CHICAGO (AP) — The Rev. Jesse Jackson disclosed publicly Friday that he has been seeking outpatient care for two years for Parkinson's disease and plans to "dedicate" himself to physical therapy.
In a Friday letter to supporters, the 76-year-old civil rights leader said family and friends noticed a change in him about three years ago. He said he could no longer ignore symptoms of the chronic neurological disorder that causes movement difficulties.

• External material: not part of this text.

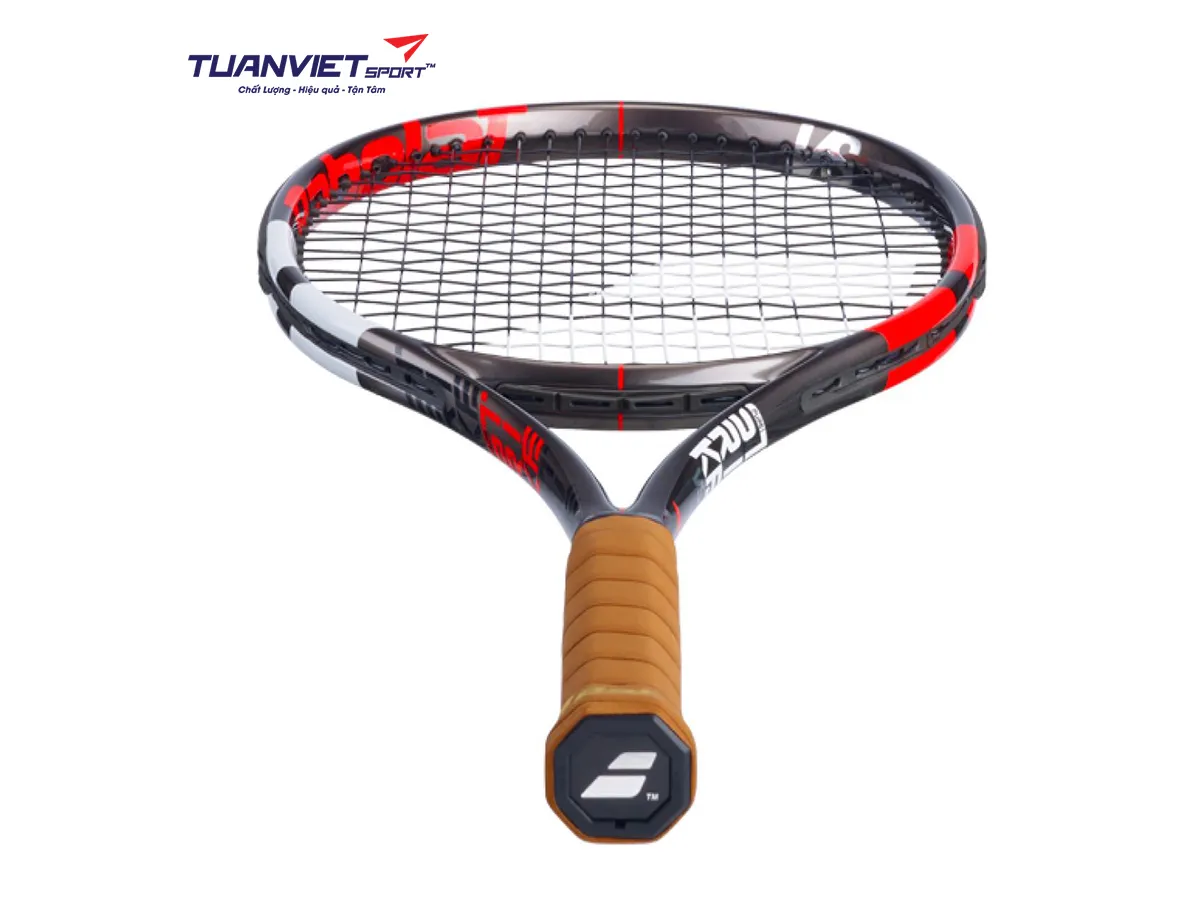 Vợt tennis Babolat Pure Strike VS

"Recognition of the effects of this disease on me has been painful, and I have been slow to grasp the gravity of it," he wrote. "For me, a Parkinson's diagnosis is not a stop sign but rather a signal that I must make lifestyle changes and dedicate myself to physical therapy in hopes of slowing the disease's progression."
He noted that the same disease "bested my father." Noah Lewis Robinson Sr. died in 1997 at age 88.
Jackson also released a Northwestern Medicine letter saying he was diagnosed in 2015 and has since sought outpatient care.
He runs the Chicago-based Rainbow/PUSH Coalition and was twice a candidate for the Democratic presidential nomination in the 1980s. He's remained a strong voice in anti-discrimination efforts, including advocating for affordable housing, and been a fixture at protests nationwide.
He said Friday in the letter that he is also working on a memoir.
"I will continue to try to instill hope in the hopeless, expand our democracy to the disenfranchised and free innocent prisoners around the world," he said in the letter. "I steadfastly affirm that I would rather wear out than rust out."
Jackson declined further comment Friday.